[Input material — start]

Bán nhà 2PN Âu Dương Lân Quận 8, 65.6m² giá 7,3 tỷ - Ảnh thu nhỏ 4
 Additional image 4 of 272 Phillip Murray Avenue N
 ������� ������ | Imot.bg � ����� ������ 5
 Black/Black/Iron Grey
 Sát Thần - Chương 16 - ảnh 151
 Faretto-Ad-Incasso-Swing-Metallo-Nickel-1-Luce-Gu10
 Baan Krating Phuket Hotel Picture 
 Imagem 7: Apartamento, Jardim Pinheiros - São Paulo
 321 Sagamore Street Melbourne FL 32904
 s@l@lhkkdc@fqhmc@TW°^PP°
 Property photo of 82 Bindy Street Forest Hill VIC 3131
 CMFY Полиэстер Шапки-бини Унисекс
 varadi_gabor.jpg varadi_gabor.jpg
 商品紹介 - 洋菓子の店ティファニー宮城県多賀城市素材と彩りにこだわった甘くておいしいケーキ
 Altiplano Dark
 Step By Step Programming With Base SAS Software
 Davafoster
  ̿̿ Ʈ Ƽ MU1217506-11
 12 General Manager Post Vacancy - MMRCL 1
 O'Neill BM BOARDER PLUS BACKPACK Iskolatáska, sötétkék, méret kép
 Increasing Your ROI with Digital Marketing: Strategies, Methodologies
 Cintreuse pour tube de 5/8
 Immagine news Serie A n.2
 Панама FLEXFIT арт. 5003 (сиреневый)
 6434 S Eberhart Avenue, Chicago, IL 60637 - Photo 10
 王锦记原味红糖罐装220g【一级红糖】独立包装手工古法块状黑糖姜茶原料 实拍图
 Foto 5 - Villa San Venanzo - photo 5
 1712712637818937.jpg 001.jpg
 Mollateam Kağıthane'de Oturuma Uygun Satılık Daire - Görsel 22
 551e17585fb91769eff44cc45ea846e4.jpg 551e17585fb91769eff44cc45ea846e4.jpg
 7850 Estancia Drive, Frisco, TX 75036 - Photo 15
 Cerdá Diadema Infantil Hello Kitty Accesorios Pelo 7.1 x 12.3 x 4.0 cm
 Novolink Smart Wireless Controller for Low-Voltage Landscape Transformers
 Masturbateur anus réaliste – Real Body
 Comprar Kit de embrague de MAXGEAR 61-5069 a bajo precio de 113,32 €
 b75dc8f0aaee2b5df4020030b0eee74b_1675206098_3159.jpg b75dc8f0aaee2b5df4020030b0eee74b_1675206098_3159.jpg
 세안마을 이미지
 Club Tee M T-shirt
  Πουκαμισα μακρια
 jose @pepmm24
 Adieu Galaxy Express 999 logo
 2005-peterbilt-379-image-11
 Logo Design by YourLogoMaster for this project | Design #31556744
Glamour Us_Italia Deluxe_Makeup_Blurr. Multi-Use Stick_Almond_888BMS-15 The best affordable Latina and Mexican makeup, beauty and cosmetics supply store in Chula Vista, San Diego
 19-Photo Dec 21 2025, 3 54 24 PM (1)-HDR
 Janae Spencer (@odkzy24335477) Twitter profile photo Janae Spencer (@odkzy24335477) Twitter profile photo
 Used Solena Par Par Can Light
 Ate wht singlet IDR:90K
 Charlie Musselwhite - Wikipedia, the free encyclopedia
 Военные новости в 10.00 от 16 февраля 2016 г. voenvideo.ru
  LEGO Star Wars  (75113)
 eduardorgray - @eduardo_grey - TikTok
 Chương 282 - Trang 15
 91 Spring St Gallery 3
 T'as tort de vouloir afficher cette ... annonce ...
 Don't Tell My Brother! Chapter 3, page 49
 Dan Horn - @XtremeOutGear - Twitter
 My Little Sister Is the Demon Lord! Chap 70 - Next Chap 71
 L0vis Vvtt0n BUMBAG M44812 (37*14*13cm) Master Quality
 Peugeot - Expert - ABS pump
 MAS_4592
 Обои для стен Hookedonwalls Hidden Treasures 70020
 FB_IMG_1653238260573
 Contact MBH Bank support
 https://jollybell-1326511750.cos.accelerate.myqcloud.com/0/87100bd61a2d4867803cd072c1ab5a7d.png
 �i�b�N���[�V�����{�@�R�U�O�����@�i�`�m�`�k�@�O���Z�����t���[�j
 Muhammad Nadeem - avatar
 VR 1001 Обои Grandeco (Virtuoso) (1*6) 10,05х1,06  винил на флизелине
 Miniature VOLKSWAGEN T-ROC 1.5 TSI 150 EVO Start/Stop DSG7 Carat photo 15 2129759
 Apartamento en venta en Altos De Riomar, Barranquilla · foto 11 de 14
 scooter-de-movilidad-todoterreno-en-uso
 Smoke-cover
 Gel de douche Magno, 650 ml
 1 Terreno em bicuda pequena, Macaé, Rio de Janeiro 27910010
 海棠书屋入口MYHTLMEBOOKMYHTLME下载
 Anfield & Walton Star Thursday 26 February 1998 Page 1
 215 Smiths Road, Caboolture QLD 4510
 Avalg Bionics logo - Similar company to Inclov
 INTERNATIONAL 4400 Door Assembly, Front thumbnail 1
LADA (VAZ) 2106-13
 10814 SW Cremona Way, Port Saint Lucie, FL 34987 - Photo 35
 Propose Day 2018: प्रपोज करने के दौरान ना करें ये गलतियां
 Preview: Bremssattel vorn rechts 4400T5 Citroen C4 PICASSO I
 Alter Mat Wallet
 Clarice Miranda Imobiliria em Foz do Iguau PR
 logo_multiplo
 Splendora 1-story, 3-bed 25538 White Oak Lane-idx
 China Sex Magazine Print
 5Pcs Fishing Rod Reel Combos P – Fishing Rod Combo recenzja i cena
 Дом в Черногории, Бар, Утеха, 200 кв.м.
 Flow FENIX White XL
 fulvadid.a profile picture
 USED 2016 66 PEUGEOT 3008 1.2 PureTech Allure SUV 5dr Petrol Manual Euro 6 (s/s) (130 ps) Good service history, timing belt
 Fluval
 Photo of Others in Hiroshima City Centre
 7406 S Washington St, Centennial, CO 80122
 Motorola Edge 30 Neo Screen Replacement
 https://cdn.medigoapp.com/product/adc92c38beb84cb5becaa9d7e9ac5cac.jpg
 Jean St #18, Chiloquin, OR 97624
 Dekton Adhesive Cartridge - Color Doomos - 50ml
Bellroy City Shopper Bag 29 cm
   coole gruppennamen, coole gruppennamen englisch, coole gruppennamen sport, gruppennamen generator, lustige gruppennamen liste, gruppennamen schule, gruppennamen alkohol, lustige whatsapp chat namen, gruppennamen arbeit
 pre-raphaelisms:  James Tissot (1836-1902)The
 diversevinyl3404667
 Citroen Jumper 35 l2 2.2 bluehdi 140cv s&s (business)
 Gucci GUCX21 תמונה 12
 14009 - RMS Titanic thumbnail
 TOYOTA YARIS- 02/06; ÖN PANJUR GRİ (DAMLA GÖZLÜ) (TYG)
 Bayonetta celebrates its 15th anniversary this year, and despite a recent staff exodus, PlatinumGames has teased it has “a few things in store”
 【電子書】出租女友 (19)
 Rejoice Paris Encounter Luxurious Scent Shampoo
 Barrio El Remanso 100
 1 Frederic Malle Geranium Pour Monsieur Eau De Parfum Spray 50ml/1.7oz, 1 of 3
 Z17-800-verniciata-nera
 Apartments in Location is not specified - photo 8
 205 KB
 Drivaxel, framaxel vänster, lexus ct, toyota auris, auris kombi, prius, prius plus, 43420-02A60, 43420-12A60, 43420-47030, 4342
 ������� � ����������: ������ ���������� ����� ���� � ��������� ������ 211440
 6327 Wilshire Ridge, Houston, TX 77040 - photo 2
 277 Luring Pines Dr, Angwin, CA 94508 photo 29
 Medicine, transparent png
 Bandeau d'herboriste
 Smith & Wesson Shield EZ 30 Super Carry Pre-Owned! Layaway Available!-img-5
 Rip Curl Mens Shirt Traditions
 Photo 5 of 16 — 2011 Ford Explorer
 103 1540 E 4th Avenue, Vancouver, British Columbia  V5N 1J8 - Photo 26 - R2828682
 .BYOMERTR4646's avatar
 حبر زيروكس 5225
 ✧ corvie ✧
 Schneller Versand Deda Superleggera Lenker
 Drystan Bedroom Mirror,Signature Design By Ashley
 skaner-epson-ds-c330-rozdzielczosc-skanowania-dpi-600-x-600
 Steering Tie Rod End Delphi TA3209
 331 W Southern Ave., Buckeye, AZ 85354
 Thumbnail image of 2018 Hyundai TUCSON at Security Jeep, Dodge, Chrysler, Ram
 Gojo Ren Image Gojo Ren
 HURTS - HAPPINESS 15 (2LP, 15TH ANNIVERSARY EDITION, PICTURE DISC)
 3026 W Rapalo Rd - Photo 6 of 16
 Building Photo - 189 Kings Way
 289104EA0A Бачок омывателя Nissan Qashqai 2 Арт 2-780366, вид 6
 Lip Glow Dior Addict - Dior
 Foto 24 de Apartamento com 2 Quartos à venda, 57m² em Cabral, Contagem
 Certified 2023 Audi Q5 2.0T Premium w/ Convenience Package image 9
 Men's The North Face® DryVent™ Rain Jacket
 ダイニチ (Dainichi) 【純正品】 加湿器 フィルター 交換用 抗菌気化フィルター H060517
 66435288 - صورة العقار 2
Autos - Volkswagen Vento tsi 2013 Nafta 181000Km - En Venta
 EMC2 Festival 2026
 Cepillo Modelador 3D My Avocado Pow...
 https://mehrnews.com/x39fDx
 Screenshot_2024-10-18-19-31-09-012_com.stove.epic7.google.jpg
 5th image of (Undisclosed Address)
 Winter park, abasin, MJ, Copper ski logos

[Input material — finish]

Repeat exactly, please, each line from the beginning of the data through the line with "Baan Krating Phuket Hotel Picture" in it, and only those lines.

Bán nhà 2PN Âu Dương Lân Quận 8, 65.6m² giá 7,3 tỷ - Ảnh thu nhỏ 4
 Additional image 4 of 272 Phillip Murray Avenue N
 ������� ������ | Imot.bg � ����� ������ 5
 Black/Black/Iron Grey
 Sát Thần - Chương 16 - ảnh 151
 Faretto-Ad-Incasso-Swing-Metallo-Nickel-1-Luce-Gu10
 Baan Krating Phuket Hotel Picture 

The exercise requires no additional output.